Slight majority of public favors college press freedom, survey reveals

Almost 40 percent of Americans think college newspapers should not be able to report on controversial subjects without the approval of school officials, according to a survey released in July by The Freedom Forum.

The survey found that 56 percent of those polled favor college media's right to report on controversy. A previous survey found that 43 percent favored high school newspapers' right to do the same.

The survey results reflect a wide mistrust of the press among participants and a willingness to put more restrictions on the First Amendment. Forty-six percent of respondents said the press has too much freedom, and one in four thinks newspapers should get government approval before publishing stories.

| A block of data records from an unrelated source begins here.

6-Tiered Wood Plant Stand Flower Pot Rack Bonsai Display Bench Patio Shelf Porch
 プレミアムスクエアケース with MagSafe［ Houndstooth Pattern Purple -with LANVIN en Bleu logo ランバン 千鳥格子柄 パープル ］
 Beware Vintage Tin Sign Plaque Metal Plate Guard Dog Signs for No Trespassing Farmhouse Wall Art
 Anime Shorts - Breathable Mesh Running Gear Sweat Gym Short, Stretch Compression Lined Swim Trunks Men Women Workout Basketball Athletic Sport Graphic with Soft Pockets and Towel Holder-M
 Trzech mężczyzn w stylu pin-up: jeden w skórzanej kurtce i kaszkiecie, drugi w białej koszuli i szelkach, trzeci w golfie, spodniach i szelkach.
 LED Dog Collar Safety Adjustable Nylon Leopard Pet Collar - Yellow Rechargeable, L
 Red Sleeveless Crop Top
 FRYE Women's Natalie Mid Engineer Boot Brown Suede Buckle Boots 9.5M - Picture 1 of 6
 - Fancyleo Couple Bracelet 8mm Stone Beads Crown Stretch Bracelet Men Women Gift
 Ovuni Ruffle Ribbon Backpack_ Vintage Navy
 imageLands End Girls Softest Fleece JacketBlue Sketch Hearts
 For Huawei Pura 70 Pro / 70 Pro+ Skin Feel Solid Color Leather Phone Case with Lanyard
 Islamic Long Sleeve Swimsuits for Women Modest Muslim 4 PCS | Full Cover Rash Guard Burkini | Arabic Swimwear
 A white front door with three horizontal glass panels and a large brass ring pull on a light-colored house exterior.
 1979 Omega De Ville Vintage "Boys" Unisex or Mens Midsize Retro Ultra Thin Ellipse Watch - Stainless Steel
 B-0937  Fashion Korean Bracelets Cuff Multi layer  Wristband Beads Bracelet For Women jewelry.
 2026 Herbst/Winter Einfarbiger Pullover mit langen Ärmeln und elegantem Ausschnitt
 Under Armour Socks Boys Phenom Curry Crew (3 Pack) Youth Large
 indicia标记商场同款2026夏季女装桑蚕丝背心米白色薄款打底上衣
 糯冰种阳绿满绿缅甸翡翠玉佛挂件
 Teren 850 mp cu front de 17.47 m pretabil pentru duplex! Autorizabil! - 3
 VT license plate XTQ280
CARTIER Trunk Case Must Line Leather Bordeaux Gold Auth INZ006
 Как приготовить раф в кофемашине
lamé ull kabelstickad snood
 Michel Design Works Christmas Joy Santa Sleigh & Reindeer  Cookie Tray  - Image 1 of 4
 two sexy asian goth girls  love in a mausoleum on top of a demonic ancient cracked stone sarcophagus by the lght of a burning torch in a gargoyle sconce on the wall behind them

The State of the First Amendment Survey was conducted by the Center for Survey Research at the University of Connecticut and has a margin of error of +/- 3 percent.

The public's views of the First Amendment are largely a reflection of discontent with the media, according to The Freedom Forum's First Amendment Ombudsman, Paul McMasters. He said scandals and botched coverage of the 2000 presidential election have added to that discontent.

"The fortunes of the First Amendment seem to rise and fall with the public's attitudes to the press," McMasters said.

McMasters said that the only way to reverse people's attitudes about the First Amendment is to educate them about its meaning and consequences and to make it clear that free speech exists for the public's benefit.

"The most important thing the press can do is to persuade the American public that press freedom belongs to them and not to the press," he said.